I put my daughter to bed angry the other night. I was exhausted and spent; she was not. She wanted another book and a glass of water and was suddenly hungrier than she had ever been in her whole life at 8:30 p.m. But I had no patience for any of it. When you know the dishes are still in the sink and the emails are sitting unanswered and “This Is Us” is waiting on the DVR, it is amazing how the simplest of requests feel like the most inconvenient intrusion on your plans.

And all I can say is that at 8:30 p.m., the intrusion was too much for this mama, and I acted like it. I forgot all of that training for overtime.

“Harper, no! No more books, no more water, and don’t you even think about getting out of this bed to go to the bathroom. It is bedtime; we’re done.”

“But mom,” she pleaded back, “I just want you to read with me.”

“We read a book, Harper.” (I flew through and skipped a few pages in a book actually, but we looked at it.) “Goodnight.” I pulled the door shut and left her crying in her bed. I didn’t pray with her or ask her what her favorite part of the day had been; I didn’t even say I love you. I had stopped thinking about my kids’ day around 7:30 p.m., and could only think of getting to the rest of mine for a full hour.

And that’s the thing about expectations: they only get thrown off if you have the wrong ending in sight.

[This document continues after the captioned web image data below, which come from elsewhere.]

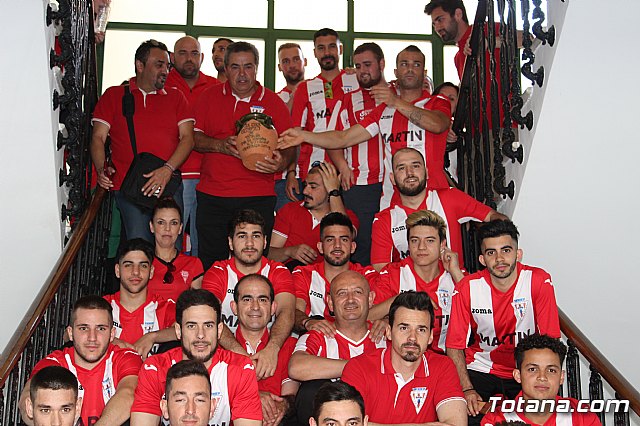 Recepcin institucional al Olmpico de Totana tras su ascenso a Tercera Divisin - 78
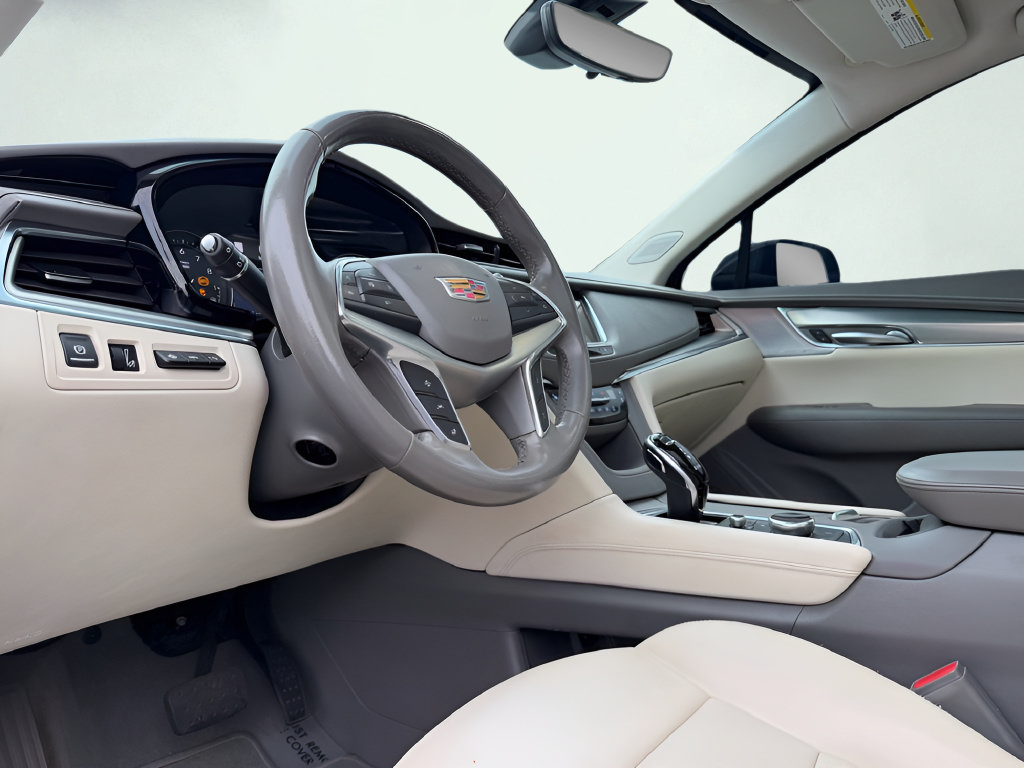 Used 2021 Cadillac XT5 Premium Luxury FWD image 19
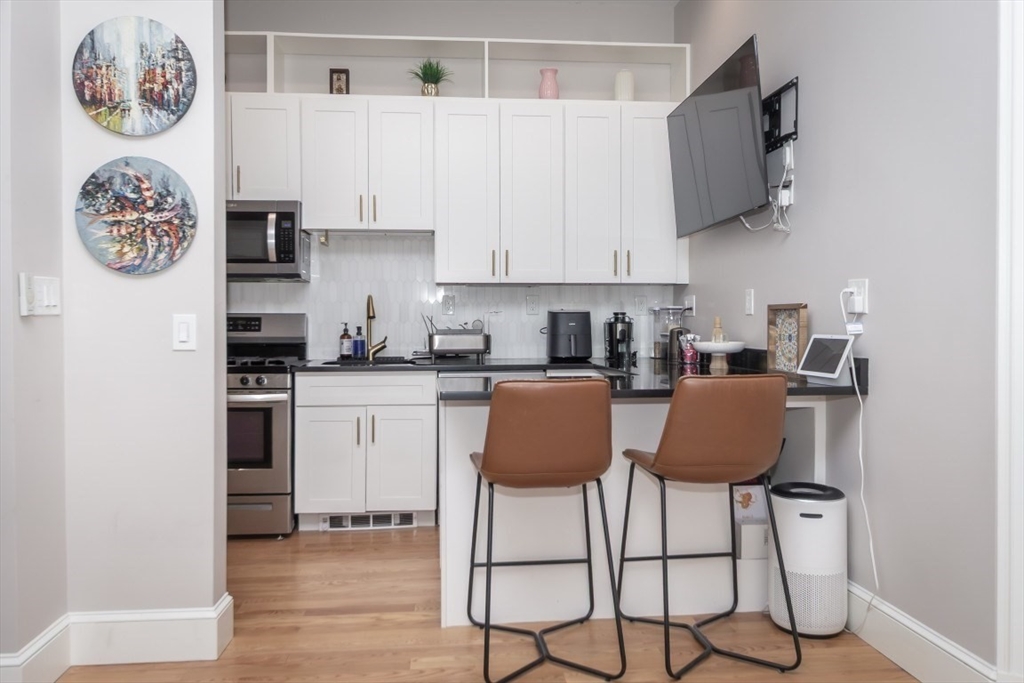 354 North Main Street, Unit 213 Andover, MA 01810 - Photo 7 of 21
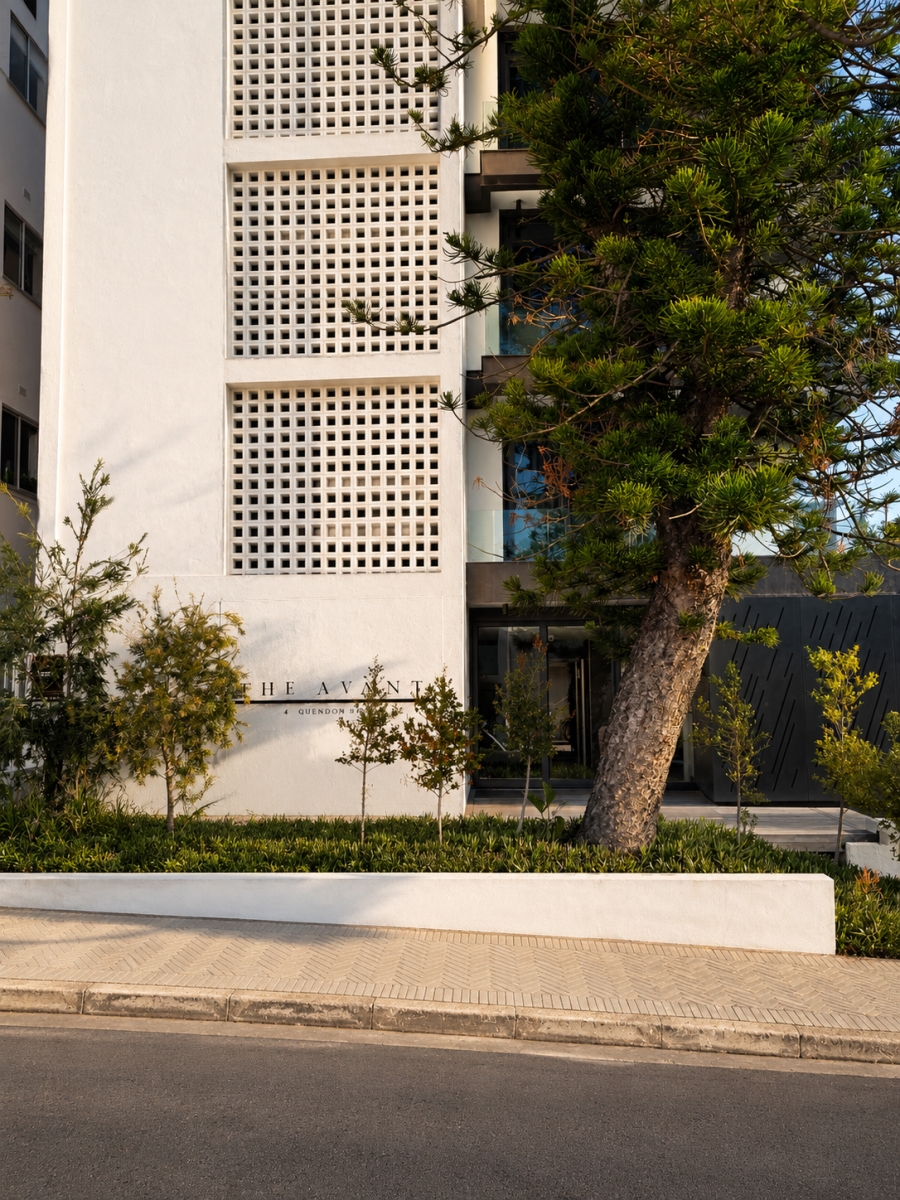 1 Bedroom Property for Sale in Sea Point Western Cape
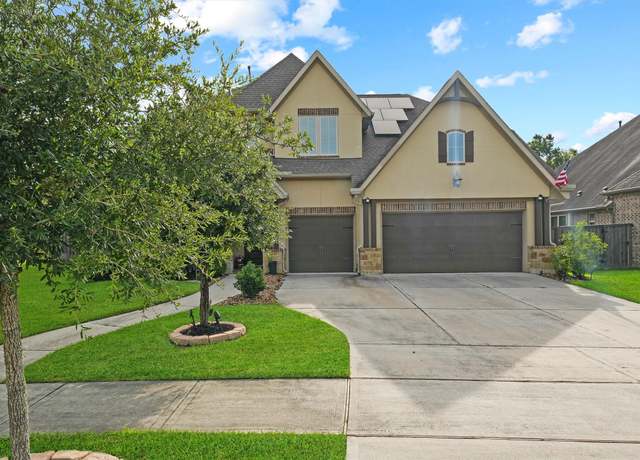 Property at 3015 Honeyguide Ct, Houston, TX 77365, 5 beds, 4 baths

A few minutes later, with the dishes half done and the work still untouched, my guilt got the better of me, and I headed back upstairs to her room. I slowly cracked the door open to see if I could make it up to her and at the very least pray her to sleep, but she was already there. I had left the day impatient, out of energy for my daughter and leaving her feeling like she didn’t deserve one more minute of my time. The whistle blew for overtime and I said “nope, no more,” and quit before we were done.

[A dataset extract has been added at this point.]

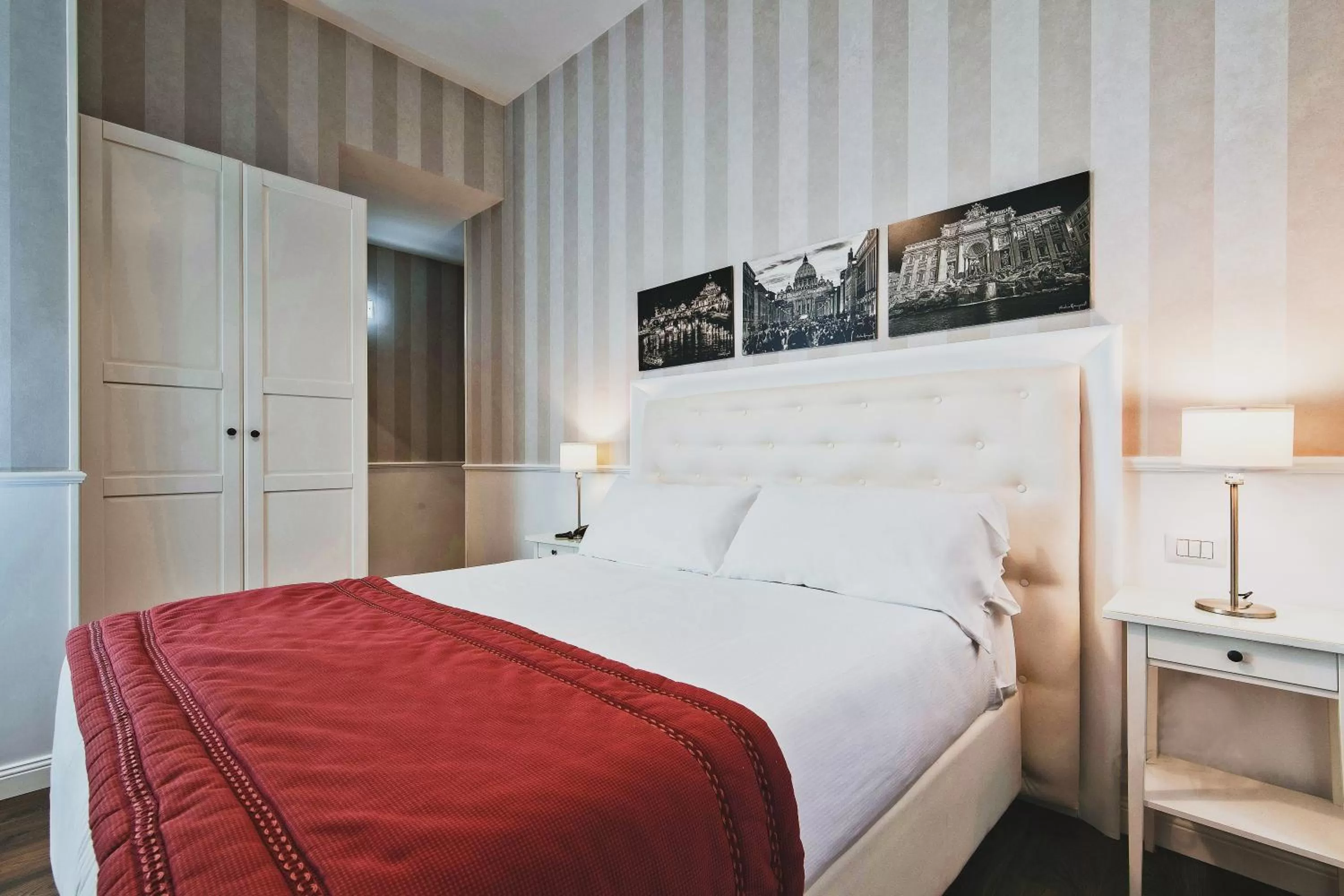 Photo of the whole room, Bed in Star Vatican Rooms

I walked back toward the kitchen and I started thinking about how I just acted. I would not have quit before my coach told me I could; I would have found a way to do the sprints even when I felt like I could not possibly do another. So why did I just do that to my daughter?

My children rarely need to say a word to hold up the mirror to my hypocrisy.

The next morning when Harper got out of bed, I told her I was so sorry for shutting the door on her and leaving her crying, and that I promised I would not do that again. I spent many years training for overtime; I know how to give more when there is nothing left to give. And every day, that’s what moms do. When there is no more patience, she finds more. When there is no more energy, she still finishes the task. When there is not one part of her that wants to give three more minutes to a procrastinating five-year-old, she finds three more minutes to leave the day well. Because as my coach always told us, “It doesn’t matter where you start; it matters where you finish.”